Every line from the one containing "Çalışma ve Sosyal" down to the last line of the listing below should be restated exactly, and nothing else.
________
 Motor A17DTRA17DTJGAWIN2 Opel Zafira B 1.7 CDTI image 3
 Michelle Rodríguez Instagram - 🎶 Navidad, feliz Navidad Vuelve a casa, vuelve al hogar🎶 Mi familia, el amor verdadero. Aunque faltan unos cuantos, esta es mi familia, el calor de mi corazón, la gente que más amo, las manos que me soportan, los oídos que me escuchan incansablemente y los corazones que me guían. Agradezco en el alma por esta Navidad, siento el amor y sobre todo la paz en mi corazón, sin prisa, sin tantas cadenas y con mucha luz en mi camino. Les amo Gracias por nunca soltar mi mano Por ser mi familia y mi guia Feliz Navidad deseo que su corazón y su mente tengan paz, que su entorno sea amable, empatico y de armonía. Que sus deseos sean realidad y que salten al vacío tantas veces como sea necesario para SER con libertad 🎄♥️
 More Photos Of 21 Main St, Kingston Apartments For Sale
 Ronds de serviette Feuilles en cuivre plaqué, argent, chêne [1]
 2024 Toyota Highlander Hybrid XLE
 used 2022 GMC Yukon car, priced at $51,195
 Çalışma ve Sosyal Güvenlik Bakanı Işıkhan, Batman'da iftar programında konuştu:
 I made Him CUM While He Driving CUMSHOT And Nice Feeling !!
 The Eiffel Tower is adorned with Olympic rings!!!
________
SOLUTION FOR THIS PROBLEM:
 Çalışma ve Sosyal Güvenlik Bakanı Işıkhan, Batman'da iftar programında konuştu:
 I made Him CUM While He Driving CUMSHOT And Nice Feeling !!
 The Eiffel Tower is adorned with Olympic rings!!!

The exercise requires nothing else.